FlexiCup: Wireless Multimodal Suction Cup with Dual-Zone Vision-Tactile Sensing

1Tsinghua University, 2Pengcheng Laboratory

System Overview

FlexiCup System Overview

Conventional suction cups lack sensing capabilities for contact-aware manipulation in unstructured environments. FlexiCup is a multimodal suction cup with wireless electronics that integrates dual-zone vision-tactile sensing within a single optical system. The central zone dynamically switches between vision and tactile modalities via LED illumination control, while the peripheral zone provides continuous spatial awareness. The modular mechanical design supports both vacuum (sustained-contact adhesion) and Bernoulli (contactless lifting) actuation while maintaining the identical dual-zone sensing architecture, demonstrating sensing-actuation decoupling where sensing and actuation principles are orthogonally separable. Key specifications include 41.5 N maximum normal force and 640×480@30 Hz image streaming over Wi-Fi.

Hardware Design

System Architecture and Integration

The system adopts a modular layered architecture integrating pneumatic actuation, electronic control, and optical sensing. The bottom housing provides the pneumatic interface and contact surface with a central groove for the PDMS membrane; its airway geometry differs between vacuum and Bernoulli configurations while the membrane mounting interface remains consistent. The top housing mounts a PCB assembly centered on an ESP32S3 microcontroller (3.7 V, 300 mAh battery, 12.5 μH wireless charging coil), streaming 640×480 images at 30 Hz over Wi-Fi. The electronic module remains identical across both suction modes, enabling wireless operation with electrical decoupling from the robot arm.

System Architecture

Vision-Tactile Sensing System

A single 180° fisheye camera captures two functional zones: the central zone enables switchable vision-tactile sensing via illumination control, while the peripheral zone maintains continuous spatial awareness. In vision mode, LEDs remain inactive, allowing ambient light through the membrane for object detection. In tactile mode, LEDs illuminate the membrane internally, imaging deformations induced by contact forces. Multimodal fusion with multi-head attention (8 heads, 512-d) achieves 100% object recognition accuracy across 13 categories, outperforming vision-only (82.5%) and tactile-only (46.7%) approaches.

Dual-Zone Sensing

Vision-Tactile Sensing System

The peripheral zone maintains environmental awareness through continuous vision for approach planning and obstacle detection, while the central zone provides high-resolution contact imaging via LED-controlled illumination switching. The system switches modalities in real-time through the ESP32S3 microcontroller with dynamic camera exposure and gain adjustments, enabling simultaneous spatial context and precise contact detection for robust manipulation.

PDMS Membrane Design

PDMS Membrane Design

The dual-layer membrane employs a PDMS base layer (30:1 ratio, 70°C × 4h) providing mechanical compliance that captures surface details, and a semitransparent reflective layer (Ag:PDMS 100:1, 70°C × 0.5h) providing the reflective surface for photometric tactile imaging. Four modular bottom configurations (I–IV) implement varying membrane diameters: Configurations I–II are optimized for vacuum operation with deformable objects and tactile sensitivity, while III–IV support Bernoulli operation. Adhesion force ranges from sub-Newton to over 40 N across configurations.

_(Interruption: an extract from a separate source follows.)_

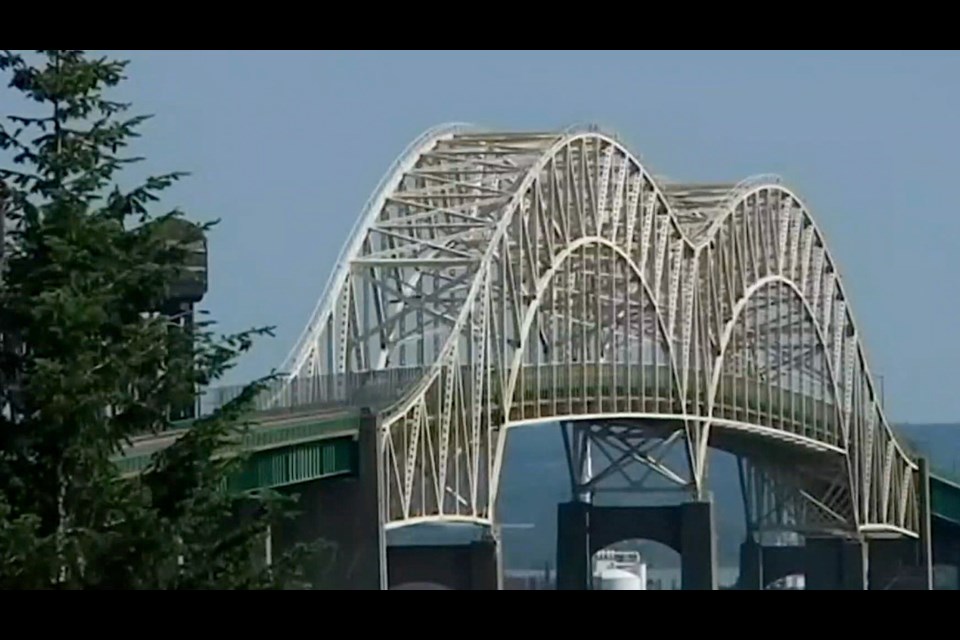 Russian flag to stay on Sudbury's Bridge of Nations, but coming down at  Sault Ste. Marie city hall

Reconfigurable Dual-Mode Suction Mechanisms

Dual-Mode Suction Mechanisms CFD Simulation Results

Mechanical configurations: vacuum (left) and Bernoulli (right) suction mechanisms

FlexiCup supports vacuum and Bernoulli suction through modular bottom housing reconfiguration. Vacuum mode generates adhesion through negative pressure, requiring sustained contact that induces continuous membrane deformation for dense tactile feedback. Bernoulli mode creates contactless lifting through outward airflow, supporting visual perception and tactile verification during positioning. Both modes share the identical dual-zone sensing architecture and control pipelines, confirming sensing-actuation decoupling where mode selection depends on task requirements rather than sensing constraints. The pneumatic system employs a vacuum pump (750 W, 140 L/min, −90 kPa max) and an air compressor (800 W, 65 L/min, 0.8 MPa) for the respective modes.

System Characterization

Sensor-Based Force Characterization

To characterize suction performance, we conducted automated force measurements using a calibrated 6-axis force/torque sensor on a smooth acrylic surface at −80 kPa vacuum pressure. The test protocol included normal pull-off tests measuring detachment force and horizontal drag tests measuring shear resistance, with each test repeated 20 times for statistical reliability.

Sensor-Based Force Characterization

Force measurements at −80 kPa: normal force (pull-off) and tangential force (drag) averaged over 20 trials. Inset: experimental setup with 6-axis force/torque sensor.

Results: The averaged force profiles reveal transient behaviors during attachment and detachment. Measurements demonstrate a mean maximum normal force of 41.5 N and shear force of 8.34 N, exceeding theoretical predictions (F = P × A ≈ 33.2 N for nominal diameter 23 mm) due to structural compliance increasing the effective sealing area under vacuum.

Non-Contact Verification: Wafer Handling

To experimentally verify non-contact handling capability, we conducted semiconductor wafer pick-up experiments comparing vacuum and Bernoulli suction modes. The two modes serve complementary roles: vacuum provides strong sustained-contact adhesion, while Bernoulli enables contactless lifting essential for delicate surfaces.

Bernoulli Mode

Vacuum Mode

Wafer Pick-up Comparison

Surface condition after manipulation: vacuum leaves visible contact smudging, Bernoulli maintains pristine surface

Force Measurement

Measured vertical force: Bernoulli ≈ 0 N (non-contact), Vacuum ≈ 3.5 N (contact required)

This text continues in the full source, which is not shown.